Scaling for the File System | Microsoft Windows Server 2003 Insider Solutions

As companies begin to take advantage of new technologies such as Volume Shadow Copy, Redirected Folders, and desktop backups , there is a need for larger and larger file servers. The issue becomes that as more users are accessing the systems the servers are unable to keep up with the demand. Increasing the available disk space on servers only encourages users to store more data and this serves to further affect performance. Because historically the amount of data stored per user has consistently grown, the only option is to increase scalability of the file servers.

Scalability is the key to reducing operation costs

By properly scaling file servers it is possible to consolidate file servers. This reduces hardware costs and maintenance costs, and frees up valuable space in the data center. Scalability is the key to reducing operation costs.

Disk IO is Critical ”SCSI/RAID/IDE

Most modern servers come with a SCSI controller for the disk subsystem with the option of a hardware RAID controller. It is important to distinguish a hardware RAID from a software RAID. The easy way to distinguish them is that a hardware RAID is RAID "all the time." A software RAID is only RAID after the operating system has started. Software RAID requires processor time and is generally less efficient. Hardware RAID traditionally offers more advanced features in the area of distributing memory caches and in dynamic reconfigurations such as adding drives to an existing array.

SCSI comes in many flavors ”Wide, Ultra, Ultra Wide, Ultra 160, Ultra 320. Each of these flavors refers to a specific type of drive it supports and an overall bandwidth of the bus. Ultra 320, for example, has a total bandwidth of 320MB/sec. The important thing to note is that the bandwidth of the controller doesn't have anything to do with the bandwidth of a drive. An Ultra 320 hard drive doesn't have a throughput of 320MB/sec. The advantage of the controller having that amount of bandwidth is that it is able to control multiple hard drives before it becomes the bottleneck in the system. This allows a server to scale more efficiently because adding hard drives will increase performance until they saturate the bus. When this occurs you have the option of adding more controllers and reallocating disks such that none of the controllers are oversubscribed.

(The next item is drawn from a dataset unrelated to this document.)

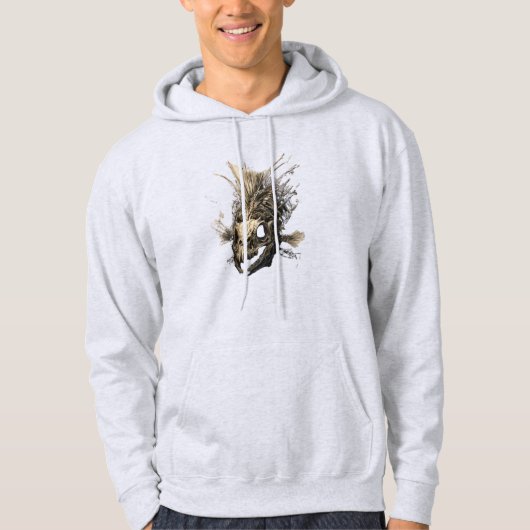 Prehistoric Fish Skull Grunge Dark Art Hoodie (Voorkant)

RAID traditionally refers to a Hardware RAID controller with an attached set of disks. RAID has the ability to take attached disks to another level. By writing to the disks in a specific manner a system can gain the ability to increase read and write performance and offer the ability to continue serving data even after disk failures have occurred. RAID is offered in several levels, each with different characteristics.

Using RAID over single attached disks allows servers to scale well because data is protected and access to data is improved. RAID technologies allow larger numbers of users to be supported on file servers. Striping disks allows the aggregate space to be treated as a single disk. This enables an administrator to surpass the physical limitations of a single disk.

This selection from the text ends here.